--- AVAILABLE DATA Enclosed Below ---
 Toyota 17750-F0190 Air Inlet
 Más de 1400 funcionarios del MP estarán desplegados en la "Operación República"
--- End of Enclosed AVAILABLE DATA ---
--- AVAILABLE DATA Enclosed Below ---
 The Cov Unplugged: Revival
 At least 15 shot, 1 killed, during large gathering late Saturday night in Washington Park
--- End of Enclosed AVAILABLE DATA ---
_EXERCISE DETAILS:_ Looking back over the data above, restate word for word the lines that begin at the line with "The Cov Unplugged: Revival" and end at the line with "At least 15", inclusive.

_SOLUTION TO THIS TASK:_
 The Cov Unplugged: Revival
 At least 15 shot, 1 killed, during large gathering late Saturday night in Washington Park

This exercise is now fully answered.